Radlin: Chmura pyłu nad miastem martwi mieszkańców. "Wdychają to dzieci"
Nad Radlinem w województwie śląskim pojawiła się potężna chmura pyłu. Jak się okazało, niecodzienne kłębowisko powstało, bo osunęła się pobliska, pogórnicza hałda. Mieszkańcy miasta nie kryją irytacji i obawiają się o zdrowie swoje i dzieci. Twierdzą, że część z nich skarży się na podrażnienia gardła i bóle głowy. Polska Grupa Górnicza odpowiada, że incydent nie stworzył zagrożenia.
Nad Radlinem w województwie śląskim pojawiła się potężna chmura pyłu. Mieszkańcy - nie wiedząc, co się wydarzyło - zaczęli ją fotografować. Zdjęcia obiegły media społecznościowej.
ZOBACZ: Skażona woda w wodociągach pod Warszawą. Sanepid wydał ostrzeżenie
- Dziwne zjawisko. Normanie w tym miejscu jest wypływ pary z baterii koksowniczej. A tam pojawił się grzyb jak po wybuchu bomby. Podleciałem tam, bo myślałem, że jest tam może pożar - relacjonował Ireneusz Wilgucki, Prezes Aerokubu Rybnickiego Okręgu Węglowego.
Pył przysypał drogi i chodniki. "Nasze dzieci to wnikają"
Wilgucki sfotografował kłębowisko, latając na motolotni. Jak wkrótce się okazało, pył wzbił się w powietrze z powodu osunięcia się hałdy pogórniczej, którą usypano tuż przy miejscowości.
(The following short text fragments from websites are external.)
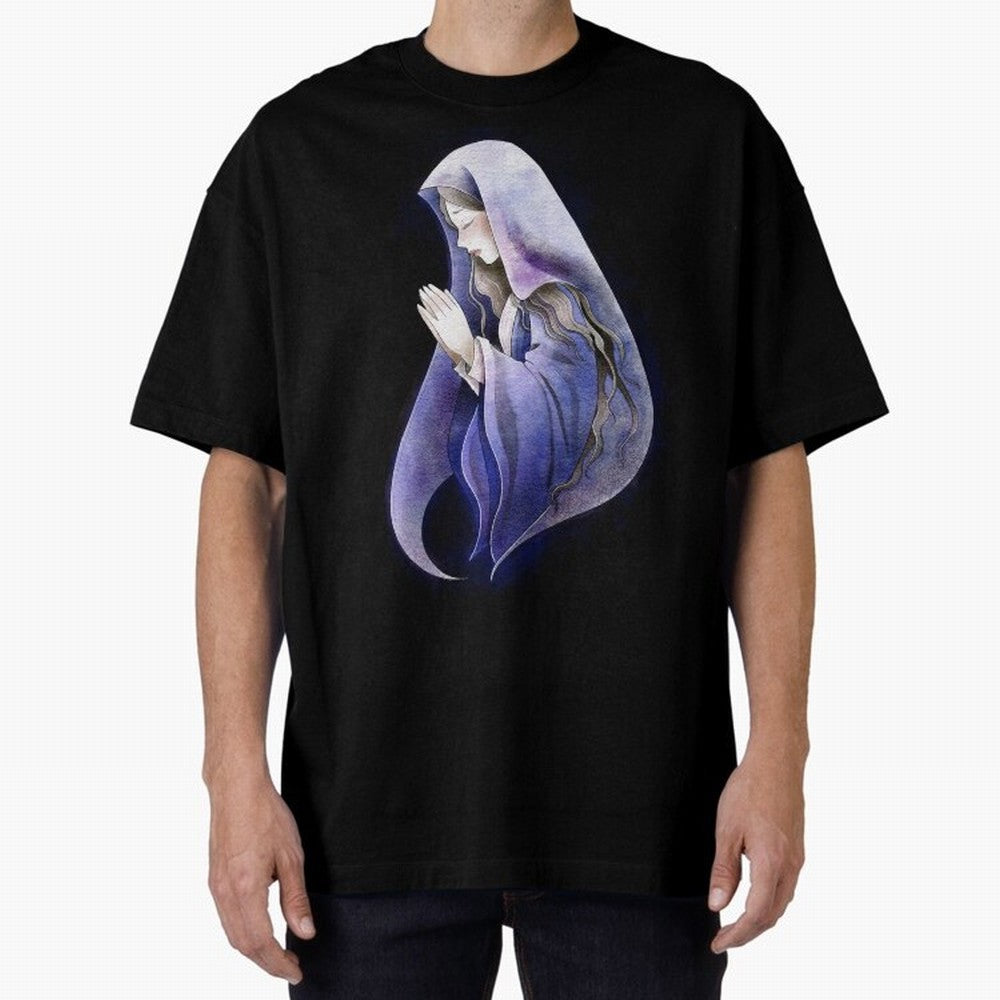 Holy Mary, Mother of God Oversized T-Shirt Bring a Champion Mindset to FIFA World Cup 2026 Group Stage for Fans of Haaland and Mbappe and Portugal, Bringing Game Day Rituals, Football Legends, Country Pride and the Road to the Final; Made for Die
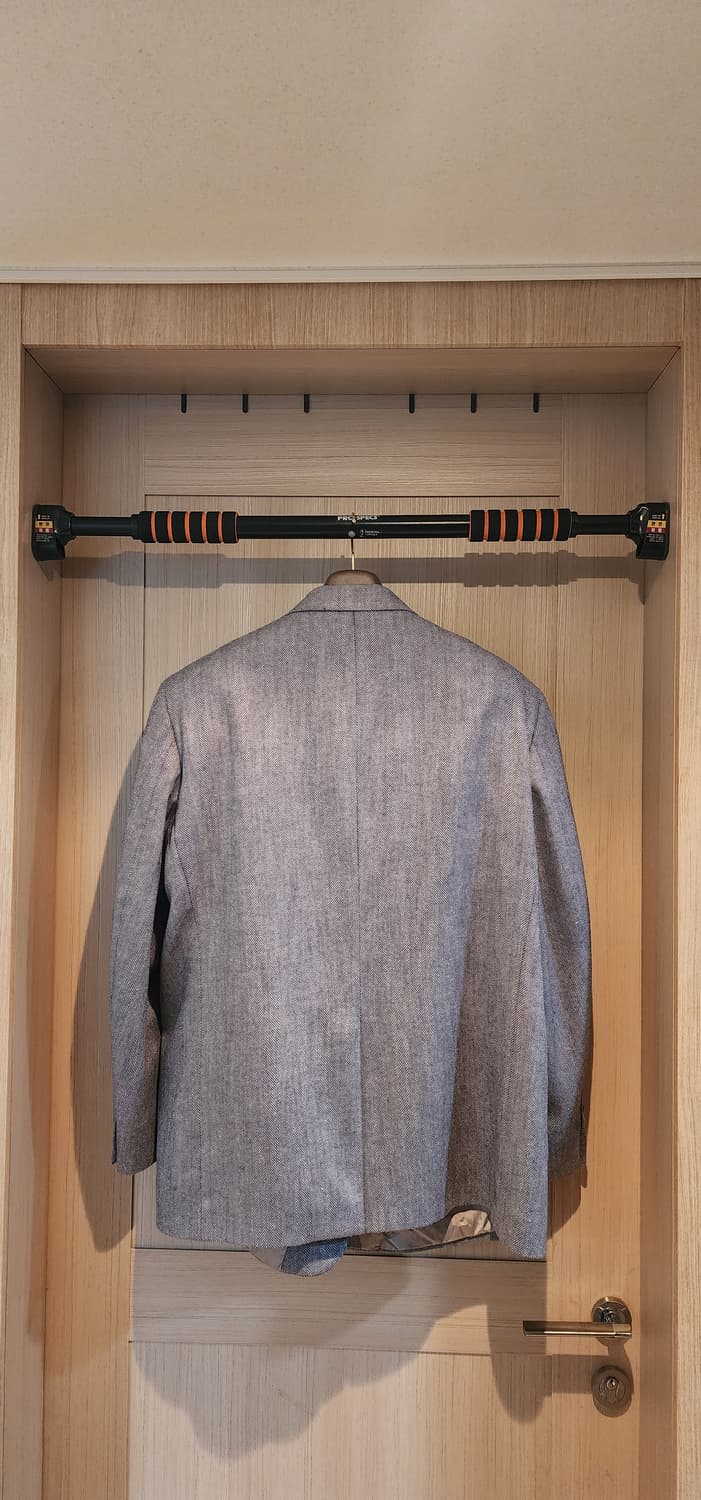 (빅사이즈)연그레이 헤링본 모직자켓 4XL 상품이미지2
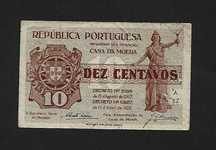 Cédula Casa da Moeda 10 Centavos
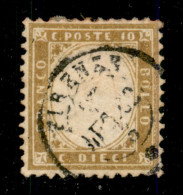 Regno - Vittorio Emanuele II - 1862 - 10 Cent (1) Usato A Firenze - Ben Centrato (700) - Otros & Sin Clasificación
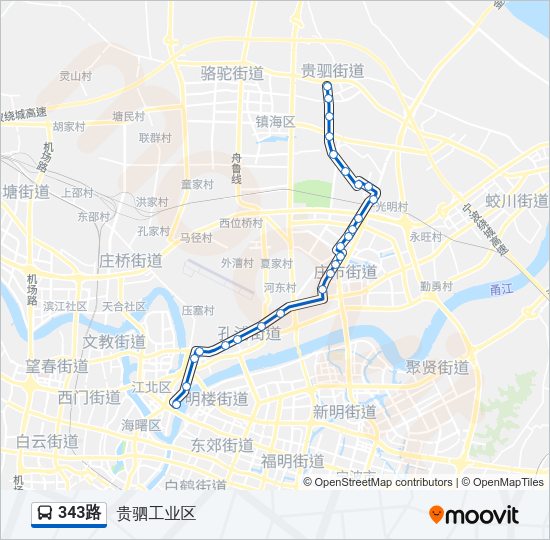 343路 Bus Line Map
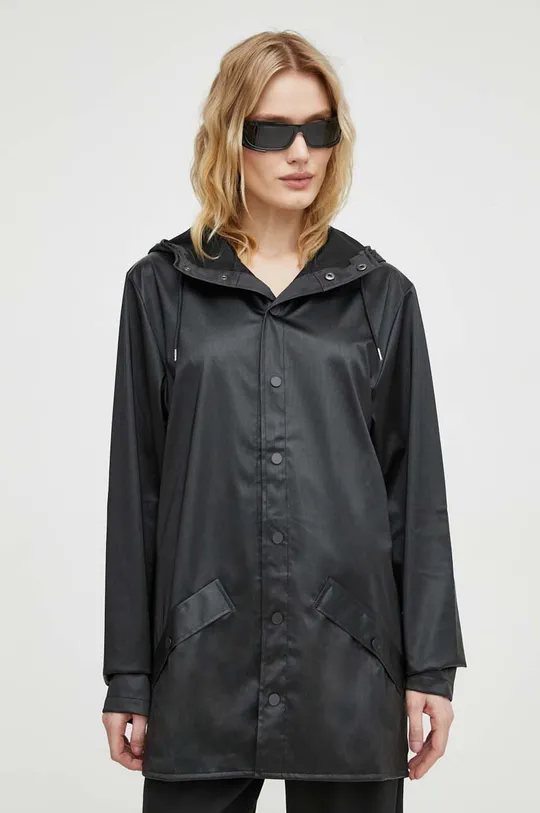 Rains rövid kabát 12010 Jackets fekete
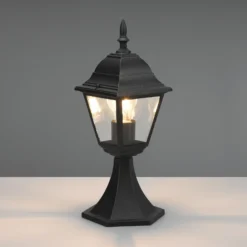 Baliza Livenza, negra, altura 39 cm, aluminio, IP44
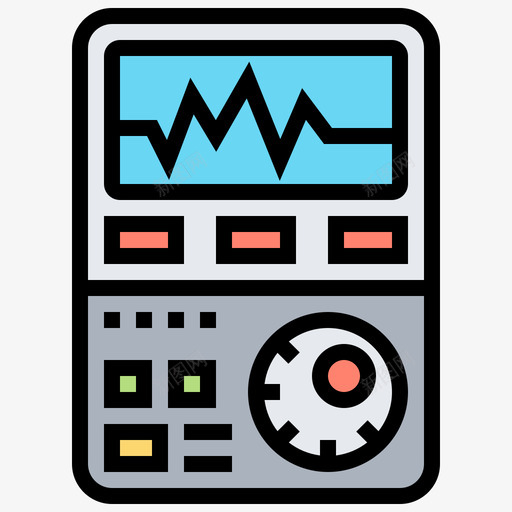 仪表工具电子测量3线性颜色图标svg_新图网 https://ixintu.com 仪表 工具 测量 电子 线性 颜色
- Wyglądało to niesamowicie, bo przypomniało grzyb jak po wybuchu jądrowym na filmach. No i ten pył się długo trzymał. W pewnym momencie wiatr go znosił i zaczął tutaj opadać, i bardzo długo się utrzymywał tu w powietrzu - powiedział Ireneusz Wilgucki.
WIDEO: Chmura pyłu nad Radlinem
Pył opadł już po dwóch godzinach, ale jak relacjonował reporter Polsat News Bartosz Mokrzycki, mieszkańcy miejscowości są zaniepokojeni o swoje zdrowie. Denerwuje ich także, że pył przysypał chodniki, pola uprawne, dachy domów i samochody.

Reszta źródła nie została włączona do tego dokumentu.